Tuesday, October 8, 2013

NFX: Native Interoperability of .NET with Erlang

One of the components included in the NFX library under NFX.Erlang namespace is a set of classes that represent Erlang language types and the connectivity transport that allows to start an Erlang distributed node in a running .NET process and perform demultiplexed communication with other Erlang nodes in the network. This includes ability to redirect I/O, perform RPC calls, etc.

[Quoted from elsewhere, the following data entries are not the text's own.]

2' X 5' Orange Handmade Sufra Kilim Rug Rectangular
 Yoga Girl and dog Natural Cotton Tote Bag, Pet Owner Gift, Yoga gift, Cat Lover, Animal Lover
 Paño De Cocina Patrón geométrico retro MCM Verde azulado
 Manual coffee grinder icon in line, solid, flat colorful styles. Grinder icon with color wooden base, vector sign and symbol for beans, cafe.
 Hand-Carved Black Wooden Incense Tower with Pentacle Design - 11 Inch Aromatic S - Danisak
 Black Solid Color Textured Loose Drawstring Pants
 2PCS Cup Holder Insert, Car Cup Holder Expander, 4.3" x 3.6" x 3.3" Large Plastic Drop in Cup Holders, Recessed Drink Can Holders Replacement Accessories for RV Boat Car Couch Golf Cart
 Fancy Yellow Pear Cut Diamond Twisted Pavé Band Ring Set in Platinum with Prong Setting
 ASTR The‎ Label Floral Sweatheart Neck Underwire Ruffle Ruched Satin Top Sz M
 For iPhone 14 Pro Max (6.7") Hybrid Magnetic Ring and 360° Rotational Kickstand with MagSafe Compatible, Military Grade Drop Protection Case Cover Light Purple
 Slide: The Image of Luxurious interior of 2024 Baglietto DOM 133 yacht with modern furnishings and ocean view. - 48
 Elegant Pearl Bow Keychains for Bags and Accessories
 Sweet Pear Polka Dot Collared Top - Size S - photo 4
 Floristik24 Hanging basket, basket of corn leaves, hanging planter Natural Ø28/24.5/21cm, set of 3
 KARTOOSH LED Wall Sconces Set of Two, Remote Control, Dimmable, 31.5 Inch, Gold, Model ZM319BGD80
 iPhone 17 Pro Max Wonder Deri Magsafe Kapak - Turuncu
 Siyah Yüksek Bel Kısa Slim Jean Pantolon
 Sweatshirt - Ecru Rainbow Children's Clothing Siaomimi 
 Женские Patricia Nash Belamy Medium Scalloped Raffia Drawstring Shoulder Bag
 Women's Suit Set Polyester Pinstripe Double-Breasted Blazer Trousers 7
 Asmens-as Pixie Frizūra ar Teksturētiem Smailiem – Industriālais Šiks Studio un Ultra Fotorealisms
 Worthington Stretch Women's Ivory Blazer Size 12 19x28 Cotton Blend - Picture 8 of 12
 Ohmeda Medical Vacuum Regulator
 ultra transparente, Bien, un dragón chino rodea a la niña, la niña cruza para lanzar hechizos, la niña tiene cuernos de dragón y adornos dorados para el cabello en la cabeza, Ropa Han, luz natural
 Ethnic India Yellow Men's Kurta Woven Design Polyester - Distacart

The component can be logically broken down into two parts:

  • Erlang types
  • Erlang distributed connectivity and message passing

The following basic .NET types (NFX.Erlang namespace) map to the corresponding types in Erlang language, which all implement NFX.Erlang.IErlObject interface:

  • ErlAtom
  • ErlBinary
  • ErlBoolean
  • ErlByte
  • ErlDouble
  • ErlList
  • ErlLong
  • ErlPid
  • ErlPort
  • ErlRef
  • ErlString
  • ErlTuple
  • ErlVar

Most of these types are structs - i.e. they are merely wrappers around corresponding native types that carry no additional memory or performance overhead. These types are instantiated in the intuitive manner:

var n = new ErlLong(1000);
var a = new ErlAtom("abc");
var l = new ErlList(n, a, 100, 10.5, "str");
var t = new ErlTuple(n, a, l);

Most of Erl native types support implicit casting:

ErlLong   n1 = 1000;
ErlAtom   a1 = "abc";
ErlString s1 = "efg";
ErlDouble d1 = 10.128;
ErlByte   b1 = 10;

int       n2 = n1;
string    a2 = a1;
string    s2 = s1;
double    d2 = d1;
byte      b2 = b1;

There are string extension methods that allow to parse strings into Erlang terms:

IErlObject t0 = "{ok, [{a, 10}, {b, good}, {c, 2.0}]}".ToErlObject();
IErlObject t1 = "{ok, [{a, ~i}, {b, ~w},   {c, ~f}]}".ToErlObject(10, new ErlAtom("good"), 2.0);
ErlList    l0 = "[a,  1, c]".To<ErlList>();
ErlList    l1 = "[a, ~w, c]".To<ErlList>(1);

What can you do with Erlang objects (terms)?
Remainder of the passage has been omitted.